Protection schemes:
	Cart images rely on RC4, MD5, watermarks, and a block-based MD5 blacklist
	CD and BJL images rely on RC4 and watermarks
		This means code modifications are possible... ew!
		Code modification detection requires out-of-band CRCs...
		We can probably afford the occasional 256 byte header containing CRCs -- maybe every 16KB
			That makes sense since we reinit IV every 16KB and it is a seek boundary
			We must CRC at least every 2KB -- larger than that and we can't see the end
			1KB is a good size...  A 256 byte header fits both the IV and 16 8-byte hashes

Watermarks:
	These are easily discovered and removed using binary search:
		Even if there are 10 or 20 of them, you can narrow it down to a few dozen passes, right?
		It would be nice to bury them in 1KB blocks -- then make them dependent on block info
		This sucks because it takes out some of the expected ease of including for developers...

	These are easily defeated using XOR with some bit pattern...
		Although some sneakiness in IV mixing might compensate for this (see below)

	The XOR/watermark defeating approach is hard with cartridge ROMs, but is very easy for CDs/BJLs...
		After all, they all load from a fixed pipe!
		Although it's slightly harder to hack DSP code for that...

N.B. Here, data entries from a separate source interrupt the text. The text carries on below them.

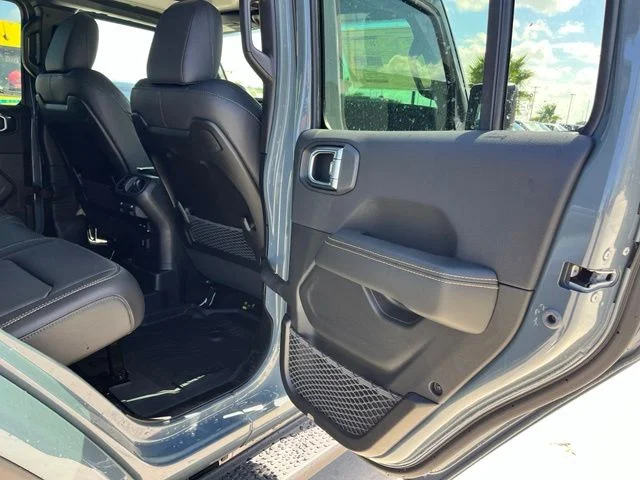 New 2026 Anvil Clear-Coat Exterior Paint Jeep Sahara image 19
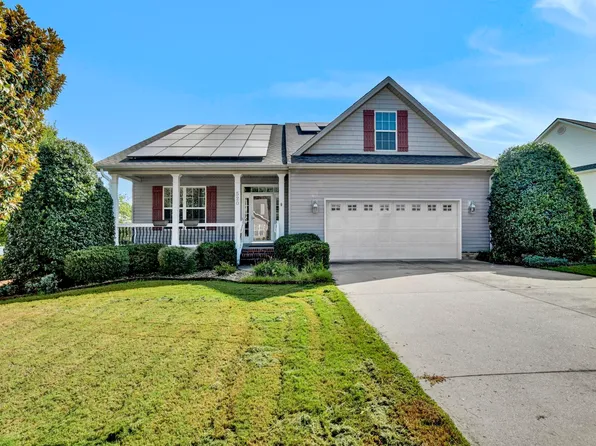 520 Summitbluff Dr, Greenville, SC 29617
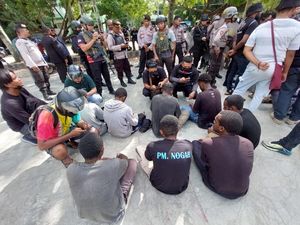 Polisi Amankan 15 Orang terkait Pengibaran Bendera Bintang Kejora di Jayapura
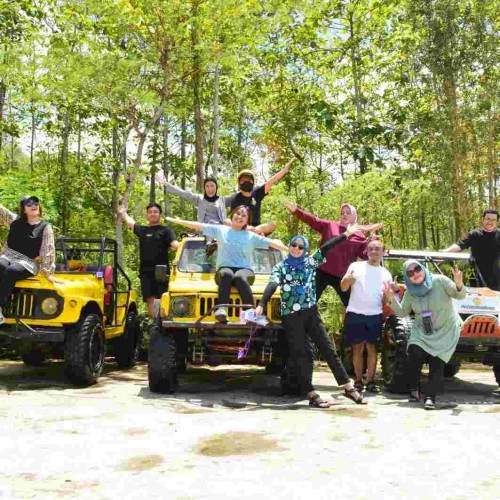Jeep Off Road  Goa Pindul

	These are the last defense against pirates...
		Pirates can easily rip the plaintext CD/BJL images
		So we have to stop those from playing

	One way is to embed tiny watermarks among the random data in the image
		You help developers by giving them a 'sheet' of watermarks for their product
		Each sheet contains the developer serial code to prevent one developer from hacking another
		The sheets contain 16368 16-byte quantities -- each byte-aligned to cover a 16KB window
		Developers then insert 'pad' symbols into their program at random locations
		The developer provides a sym file to the signing JAR, which stores the watermarks over the pads
		Watermarks are hard to distinguish from random data, so a hacker may not find all of them

	I haven't a clue how to make a good watermark, though
		The RC4 'random' generator is a good approach but it's slow
		And you can't use a single RC4 for both purposes... you need different keys
	
	One plausible approach is via the CPLD...
		If we have a good random number generator in the CPLD used for bootup already...
		A fairly potent LFSR might fit, and might hold enough state to detect watermarks

	WAIT!  Any streaming cipher is unsafe...
		Developers can just XOR their sheets together and figure out practically all of the key...

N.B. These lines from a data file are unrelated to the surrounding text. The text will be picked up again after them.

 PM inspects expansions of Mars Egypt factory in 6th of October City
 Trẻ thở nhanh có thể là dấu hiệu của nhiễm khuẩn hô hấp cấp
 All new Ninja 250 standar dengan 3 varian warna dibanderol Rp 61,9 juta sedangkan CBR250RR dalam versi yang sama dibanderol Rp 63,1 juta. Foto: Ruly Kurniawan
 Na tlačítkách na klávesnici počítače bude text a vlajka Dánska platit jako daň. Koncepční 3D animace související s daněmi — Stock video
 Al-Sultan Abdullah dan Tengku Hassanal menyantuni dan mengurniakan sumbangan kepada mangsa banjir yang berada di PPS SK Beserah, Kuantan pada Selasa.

	So we need a block cipher... which means 16-byte boundaries only... which means CPLD decodes block?
		The CPLD doesn't have enough state for that!

	Or, we need a detection mechanism that looks for 16-byte boundaries and scrambles subsequent bits...
		In other words, a random IV is the first word...
		All following words are scrambled differently as a result
		In effect, all subsequent words become checksums on the first
		So we have 22-bits of 'free' data, 10-bits of 'match' data, and 96-bits of 'checksum data'
		The match data contains the current address (10 bits)
		The 'free' data contains 20 bits of IV followed by 2 bits of sense data
		The sense data can be used to indicate publisher preferences or contain key bits
		The IVs are assigned randomly -- no fixed publisher code exists
		However, IVs are always unique per publisher, making it possible to find out who did what

	This still makes an obvious pattern on the first word but everything after that could be pretty random

	The most important thing is to ensure that watermarks are hard to find

	This makes a creepy amount of sense...
		But it would have to be done inline with downloading -- are we fast enough for that?
		Also, it wastes CPLD resources we were going to use for other purposes...
		Finally, it won't really work with SPI... will it?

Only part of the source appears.